(Collected data entries)
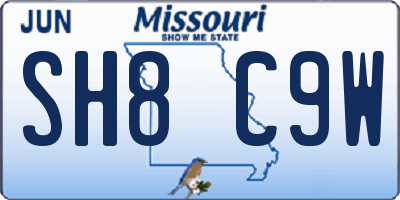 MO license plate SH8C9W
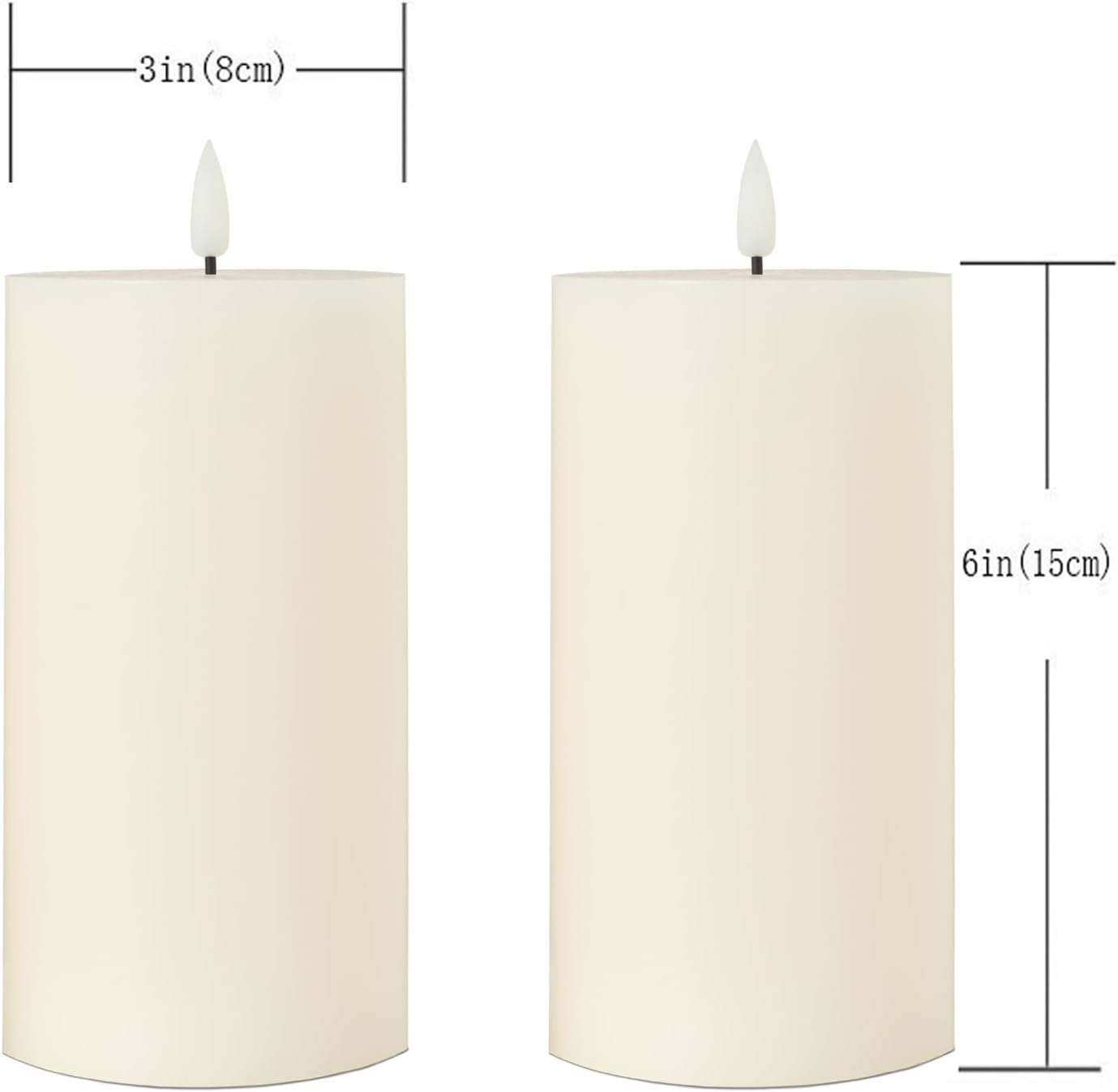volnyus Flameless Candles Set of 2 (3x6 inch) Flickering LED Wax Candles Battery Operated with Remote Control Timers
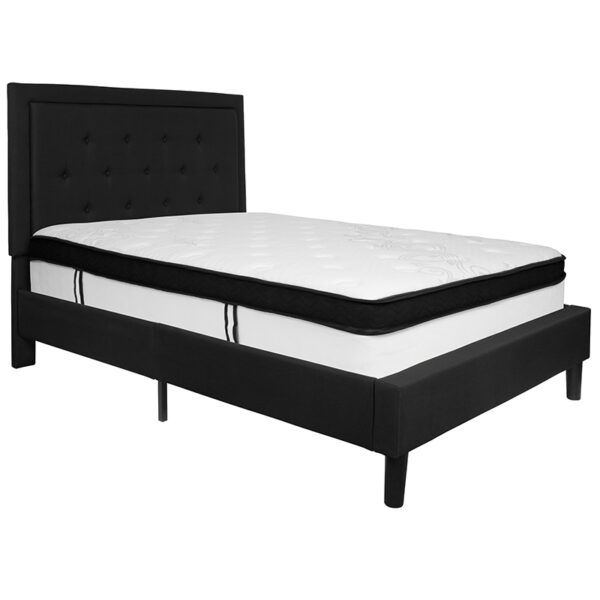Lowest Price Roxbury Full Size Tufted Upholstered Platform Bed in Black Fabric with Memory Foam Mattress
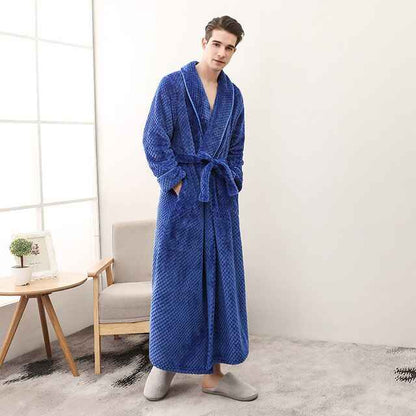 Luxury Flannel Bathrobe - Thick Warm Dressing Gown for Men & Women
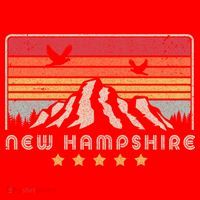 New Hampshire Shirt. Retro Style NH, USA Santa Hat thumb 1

**Activity:** Leaving out every picture, transcribe exactly the lines from the line that contains "volnyus Flameless Candles" through the final line of the entries above.

**Task result:**
volnyus Flameless Candles Set of 2 (3x6 inch) Flickering LED Wax Candles Battery Operated with Remote Control Timers
Lowest Price Roxbury Full Size Tufted Upholstered Platform Bed in Black Fabric with Memory Foam Mattress
 Luxury Flannel Bathrobe - Thick Warm Dressing Gown for Men & Women
 New Hampshire Shirt. Retro Style NH, USA Santa Hat thumb 1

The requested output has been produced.